My good friend Dennis Kniery of Digital Realty Trust recently posted, “PUE2: What Do You Look For.” He makes a compelling case for starting with a metric that tells you where you are today, against which you can measure the results of your activities or scale the potential opportunity. He is absolutely right to stress the importance of establishing a good baseline, particularly one that is relatively straightforward to execute, but doing so may not necessarily be the first step.

I have often outlined a plan of attack that progressed from plugging holes in the raised floor to plugging holes in racks to plugging holes in rows of racks to finally plugging holes in the room, as a way of maximizing the effectiveness of each subsequent step.
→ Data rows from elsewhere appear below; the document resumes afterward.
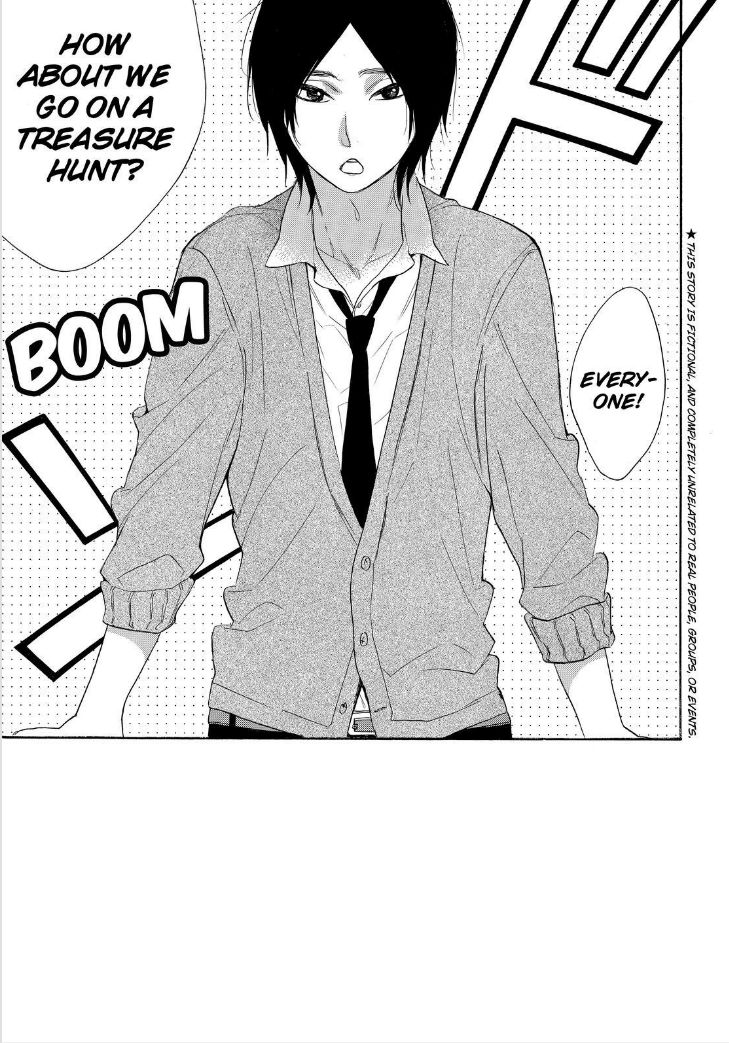 Watashi ga Motete Dousunda Chapter 17 page 4 - Chapter 17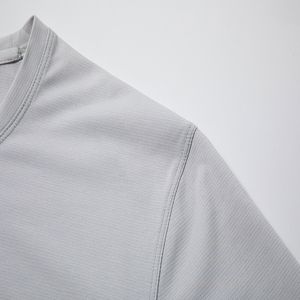 Camiseta Básica de Cuello Redondo para Hombre, Corte Clásico, Manga Corta, Ajuste Regular, Suave, Ligera, de Color Sólido, para el Día a Día - Product Image 3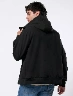 Chaqueta con Capucha Negro Hombre – Protección y estilo casual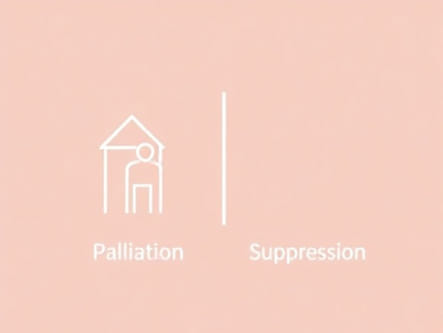Difference Between Palliation And Suppression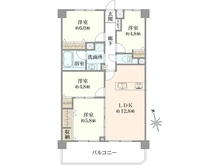 【神奈川県/鎌倉市梶原】セシーズ鎌倉梶原 間取り図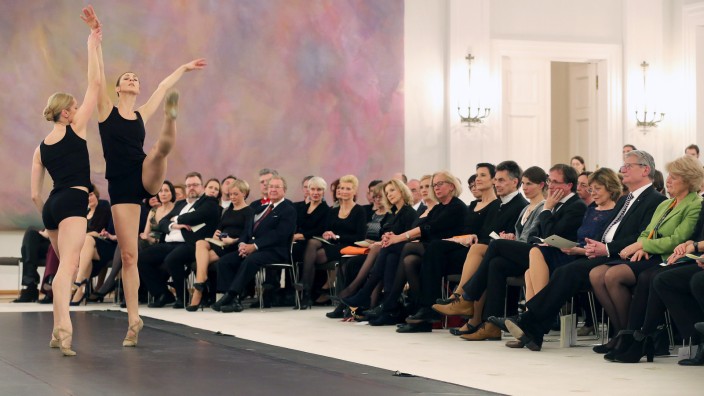 Soiree 'Deutschland tanzt' auf Einladung des Bundespräsidenten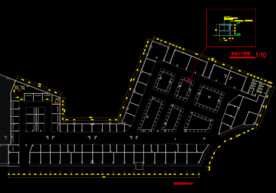 菜市场施工图纸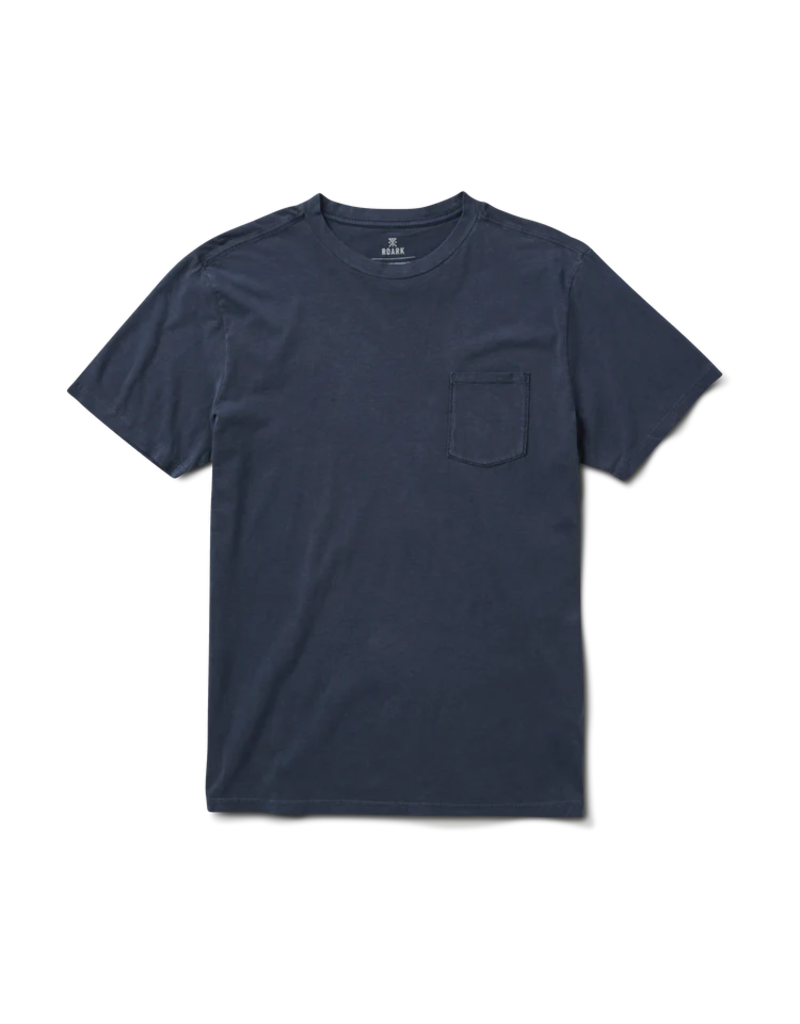 ROARK MADE TO FADE WASHED TEE (ORION)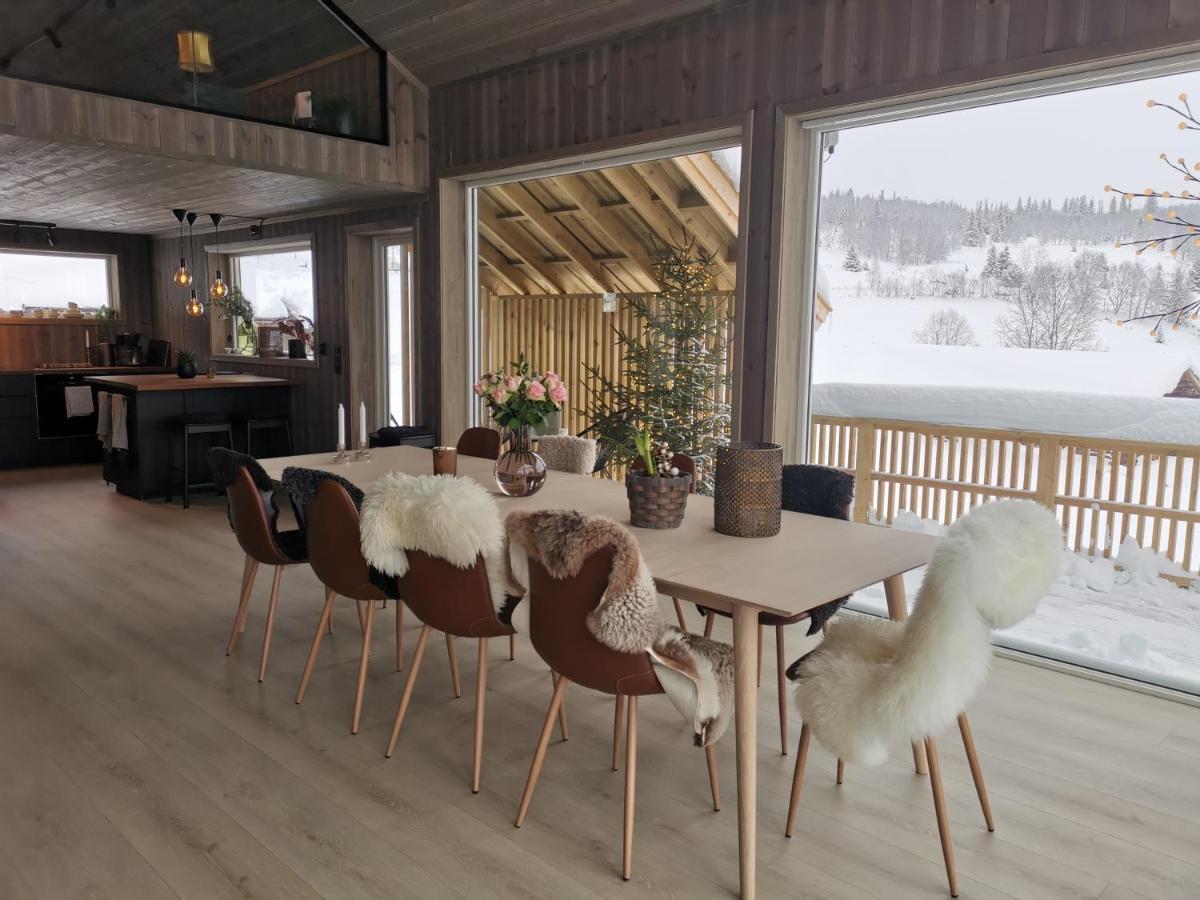 Na Er Vinteren Kommet Til Hallingdal Al Zewnętrze zdjęcie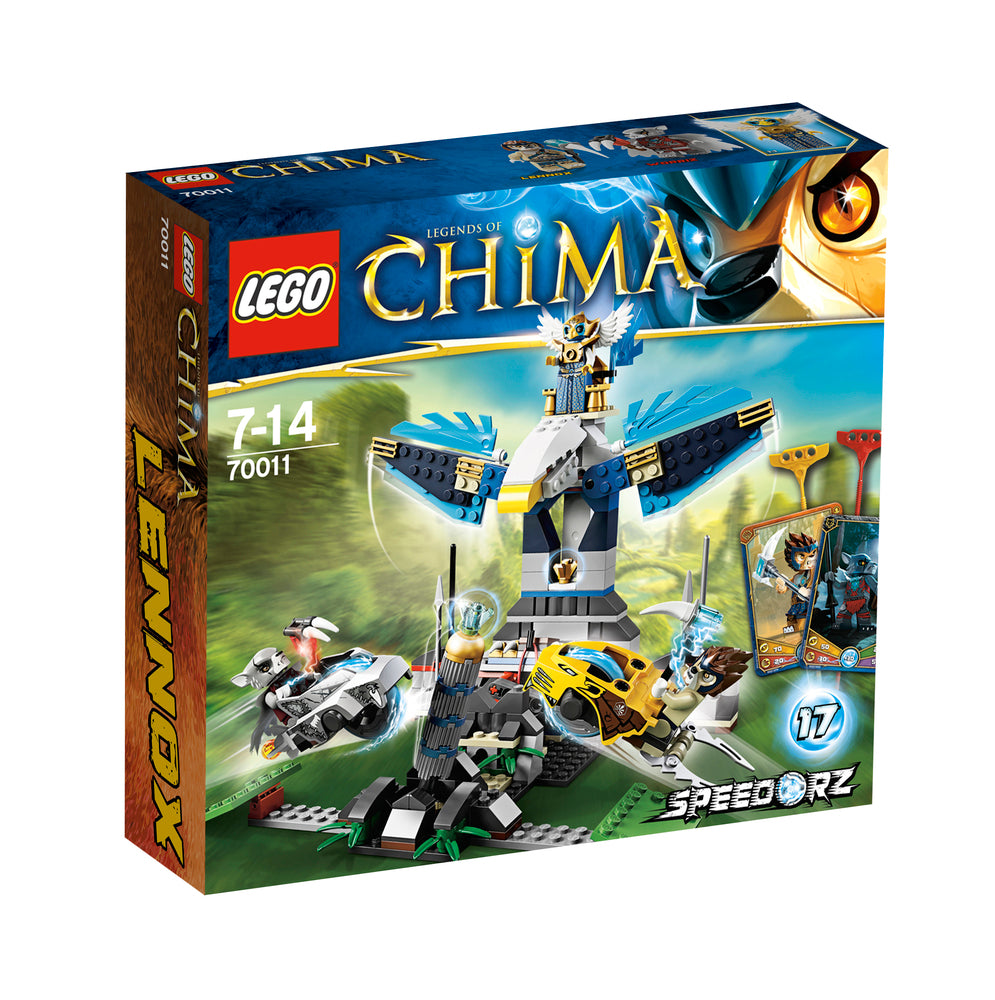 70011 LEGO CHIMA EAGLES CASTLE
While this is a logical sequence of activities for avoiding disappointing returns on the bigger ticket items and for providing a dip-your-toe-in-first strategy, it does not address the most critical factor in kicking off an airflow management optimization initiative. That most important factor is securing the assurance that making the data center better is not going to get you fired, demoted, passed over for future promotions, added to the “don’t trust this guy” list, removed from the fiduciary chain of command, or pitied at Frog Toes.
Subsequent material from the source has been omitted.